Cirrhotic cardiomyopathy: is there any correlation between the stage of cardiac impairment and the severity of liver disease?
Cirrhotic cardiomyopathy is associated with poor prognosis and risk of acute heart failure after liver transplantation or interventional procedures. We aimed to assess the relationship
between the severity of cardiac impairment and hepatic disease. Eighty patients and eighty controls underwent echocardiography, tissue Doppler imaging and speckle tracking
measures. We assess the correlation between echocardiographic parameters and Child and MELD scores.

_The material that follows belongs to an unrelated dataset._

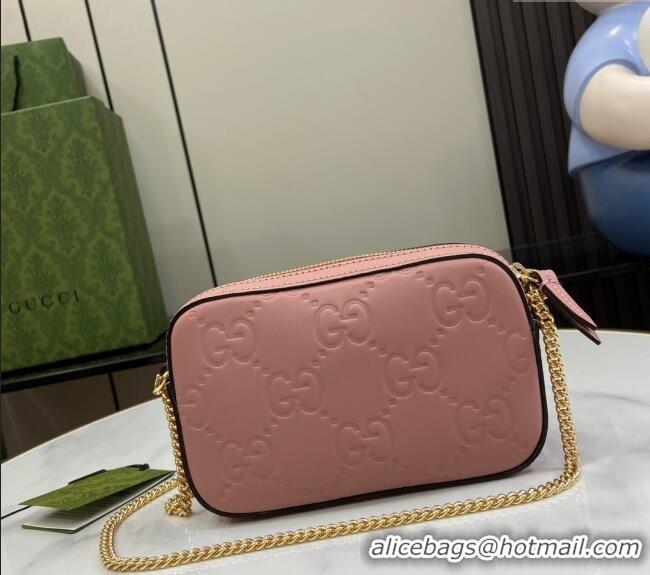 Market Sells Gucci GG Leather Super Mini Shoulder Bag 781554 Light Pink 2024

Systolic parameters function (s wave, p < 0.001) and global longitudinal strain (p < 0.001) as well as diastolic parameters were significantly more impaired in cirrhotic patients compared to controls. There were no differences among the different groups in ‘Child score’ regarding systolic function as well as diastolic function. Paradoxically, the left atrium size correlated positively to both Child (p = 0.01, r = 0.26) and MELD scores (p = 0.02, r = 0.24). Left ventricular ejection fraction was significantly lower in decompensated patients as compared to compensated patients(p = 0.02).. We did not identify any association between severity of liver disease and cardiac dysfunction. Therefore, a transthoracic echocardiography should be performed in all cirrhotic patients before interventional and surgical procedures regardless of the severity of liver disease.